━━ Data

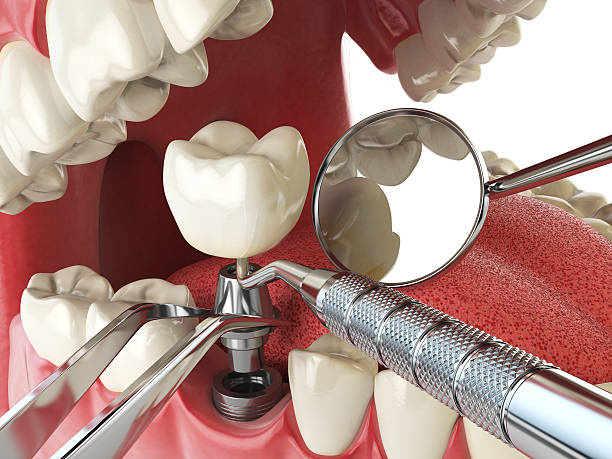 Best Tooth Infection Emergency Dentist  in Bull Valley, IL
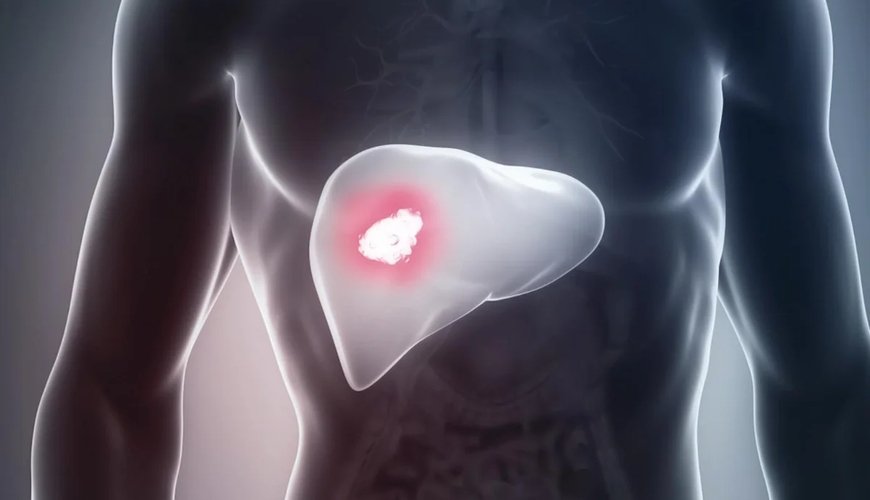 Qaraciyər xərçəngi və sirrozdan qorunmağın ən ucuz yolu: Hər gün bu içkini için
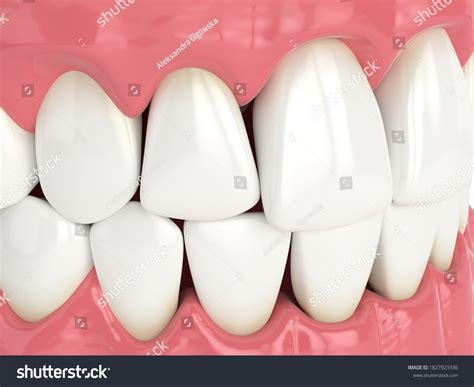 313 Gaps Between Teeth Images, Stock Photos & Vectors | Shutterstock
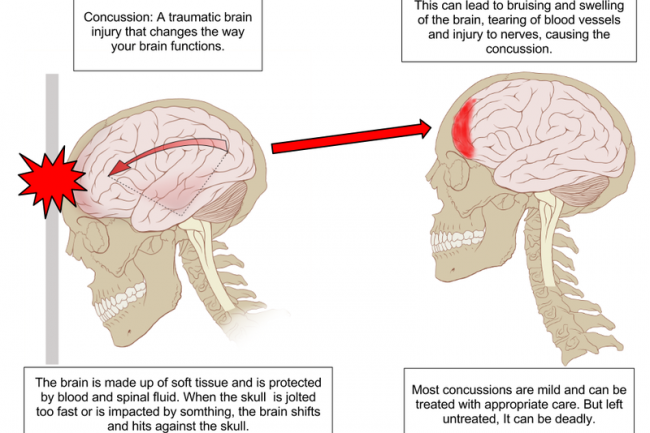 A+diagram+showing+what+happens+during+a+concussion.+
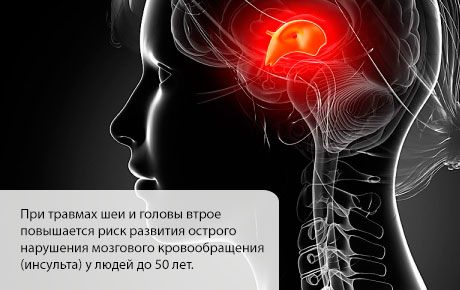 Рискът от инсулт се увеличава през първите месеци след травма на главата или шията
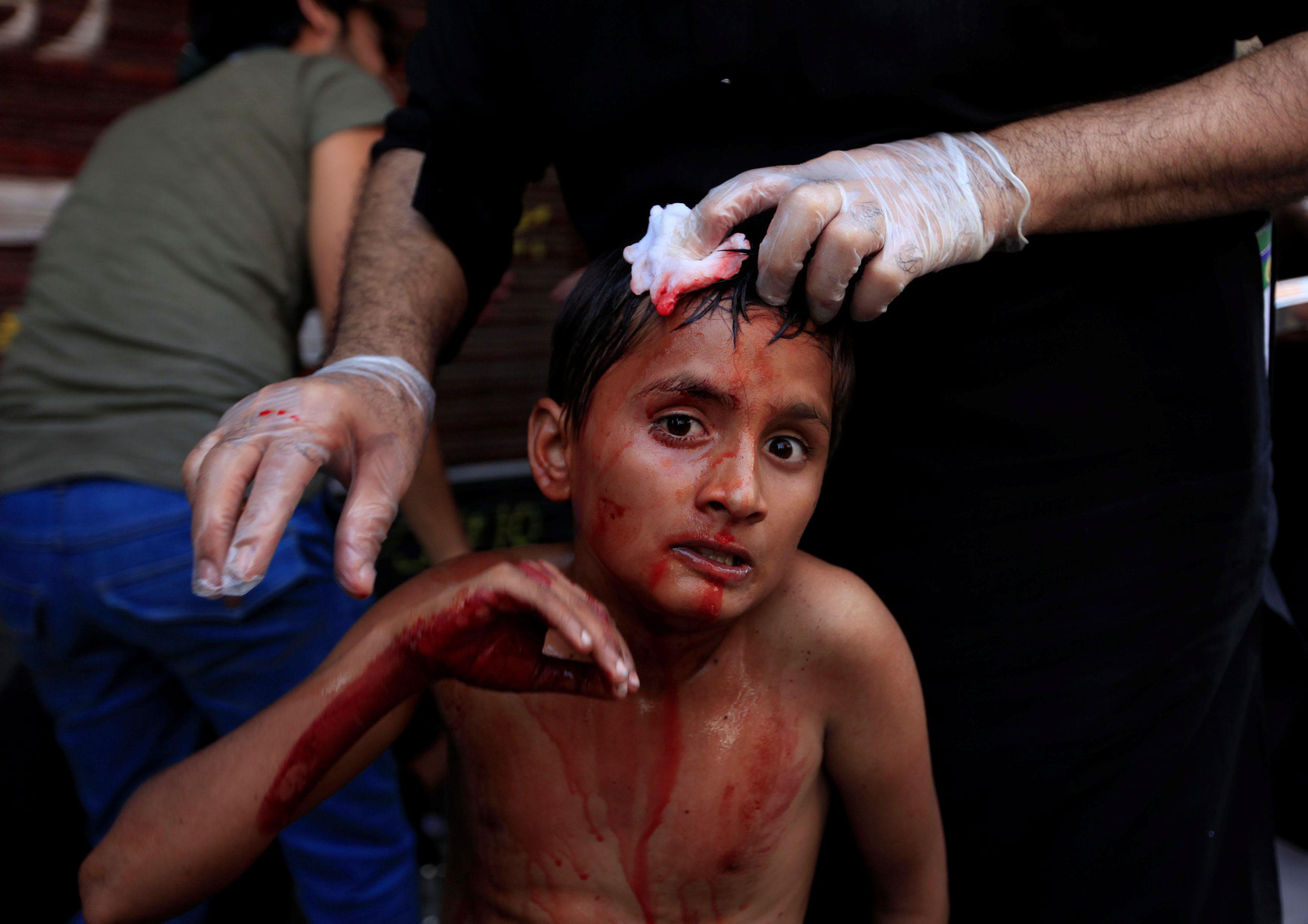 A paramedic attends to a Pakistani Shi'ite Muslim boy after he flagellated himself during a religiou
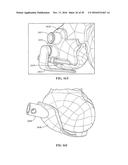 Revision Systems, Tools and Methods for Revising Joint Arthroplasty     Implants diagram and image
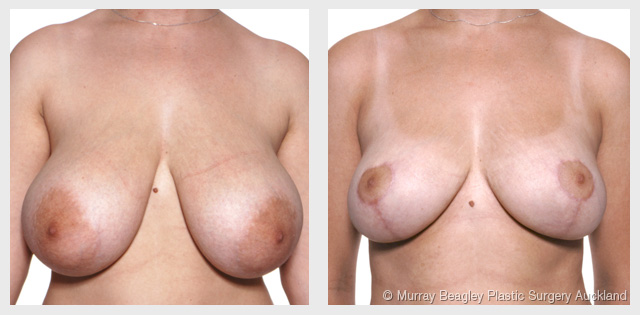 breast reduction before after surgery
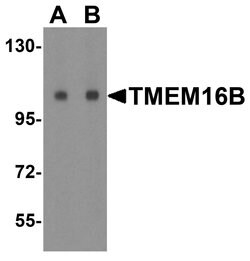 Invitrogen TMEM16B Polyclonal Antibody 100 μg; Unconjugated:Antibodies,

━━━━
━━ Data

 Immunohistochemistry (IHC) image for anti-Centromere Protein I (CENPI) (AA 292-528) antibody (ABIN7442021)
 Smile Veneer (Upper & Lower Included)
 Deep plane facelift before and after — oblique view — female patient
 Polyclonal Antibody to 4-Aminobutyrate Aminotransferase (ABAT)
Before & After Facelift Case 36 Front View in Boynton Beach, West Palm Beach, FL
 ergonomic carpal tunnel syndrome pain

━━━━

Nothing but the lines from the one with "Qaraciyər xərçəngi və" to the one with "Invitrogen TMEM16B Polyclonal" above, both included, should be transcribed, exactly and without pictures.

Reply to the task:
 Qaraciyər xərçəngi və sirrozdan qorunmağın ən ucuz yolu: Hər gün bu içkini için
 313 Gaps Between Teeth Images, Stock Photos & Vectors | Shutterstock
 A+diagram+showing+what+happens+during+a+concussion.+
 Рискът от инсулт се увеличава през първите месеци след травма на главата или шията
 A paramedic attends to a Pakistani Shi'ite Muslim boy after he flagellated himself during a religiou
 Revision Systems, Tools and Methods for Revising Joint Arthroplasty     Implants diagram and image
 breast reduction before after surgery
 Invitrogen TMEM16B Polyclonal Antibody 100 μg; Unconjugated:Antibodies,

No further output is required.